[llvm] [AArch64][SVE] Lower unpredicated loads/stores as fixed LDR/STR with -msve-vector-bits=128. (PR #127500)

Ricardo Jesus via llvm-commits llvm-commits at lists.llvm.org
Wed Feb 19 05:12:13 PST 2025


rj-jesus wrote:

Hi @paulwalker-arm, thanks very much for your feedback, I'll address the code changes but first I thought I could reply to your main comments.

> I have the following thoughts/questions:
> 
>     * Where do the scalable vector operations come from?
>       * Is this scalable vector ACLE code that wants to benefit from knowing the exact vector length?

Yes, it's scalable ACLE code compiled with `-msve-vector-bits=128` (see example below).

>     * If the predicate is the main concern, does emitting the SVE fill/spill instructions improve performance?
>       * Which could be achieved during isel.
>       * If this works then perhaps AArch64LoadStoreOpt could be taught to pair SVE spill/fill instructions when the vector length is known to be 128-bit?

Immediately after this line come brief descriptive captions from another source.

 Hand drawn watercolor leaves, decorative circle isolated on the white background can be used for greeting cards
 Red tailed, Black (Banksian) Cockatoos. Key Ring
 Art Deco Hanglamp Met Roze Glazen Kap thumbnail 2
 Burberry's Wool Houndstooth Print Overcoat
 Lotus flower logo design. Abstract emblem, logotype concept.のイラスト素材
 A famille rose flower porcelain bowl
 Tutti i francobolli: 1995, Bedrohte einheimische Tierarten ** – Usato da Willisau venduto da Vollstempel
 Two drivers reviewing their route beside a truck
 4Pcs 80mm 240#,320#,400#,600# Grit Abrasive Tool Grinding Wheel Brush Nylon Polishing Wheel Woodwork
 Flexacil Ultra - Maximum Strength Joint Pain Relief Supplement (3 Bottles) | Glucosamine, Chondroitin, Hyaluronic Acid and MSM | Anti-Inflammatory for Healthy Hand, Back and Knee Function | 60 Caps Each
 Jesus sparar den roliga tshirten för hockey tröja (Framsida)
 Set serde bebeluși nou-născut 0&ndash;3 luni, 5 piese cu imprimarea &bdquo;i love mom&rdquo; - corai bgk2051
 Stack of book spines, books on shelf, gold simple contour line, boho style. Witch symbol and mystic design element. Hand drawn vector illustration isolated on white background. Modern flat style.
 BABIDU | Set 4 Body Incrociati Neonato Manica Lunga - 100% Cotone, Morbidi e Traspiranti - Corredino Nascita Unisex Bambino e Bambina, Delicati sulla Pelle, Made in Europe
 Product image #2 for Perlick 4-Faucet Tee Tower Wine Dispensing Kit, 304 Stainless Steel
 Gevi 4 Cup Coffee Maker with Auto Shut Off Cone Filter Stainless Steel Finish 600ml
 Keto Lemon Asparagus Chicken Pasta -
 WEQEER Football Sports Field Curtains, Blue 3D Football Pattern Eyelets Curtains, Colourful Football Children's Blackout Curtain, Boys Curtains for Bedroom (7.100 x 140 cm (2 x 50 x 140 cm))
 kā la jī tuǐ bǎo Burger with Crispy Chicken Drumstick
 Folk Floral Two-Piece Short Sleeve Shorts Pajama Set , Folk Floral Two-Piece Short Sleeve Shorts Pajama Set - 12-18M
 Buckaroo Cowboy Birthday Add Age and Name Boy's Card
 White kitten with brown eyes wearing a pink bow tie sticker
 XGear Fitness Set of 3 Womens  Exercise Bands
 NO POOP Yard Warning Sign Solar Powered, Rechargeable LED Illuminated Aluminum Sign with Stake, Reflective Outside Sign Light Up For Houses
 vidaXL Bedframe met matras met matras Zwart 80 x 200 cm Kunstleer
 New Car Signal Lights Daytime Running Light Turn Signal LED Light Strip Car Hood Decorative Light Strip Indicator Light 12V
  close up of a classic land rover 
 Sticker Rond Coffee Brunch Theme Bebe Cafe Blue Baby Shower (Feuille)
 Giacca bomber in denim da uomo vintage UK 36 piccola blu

I think this should work too. I have a patch that adds patterns for emitting SVE LDR/STR instead of PTRUE LD1/ST1. I can put it up for review if you'd like to try going this route instead. What do you think?

>     * If this is only the start of taking advantage of knowing the exact vector length then would it be better to have these transformations as a dedicated IR pass?  Then the other optimisers can improve things further and the code generator should just work.

Whilst having a dedicated pass could be useful, we are not aiming to pursue this "generally" for all instructions. We care about going from scalable to fixed-length vectors for loads and stores mainly to benefit from LDP/STP folds.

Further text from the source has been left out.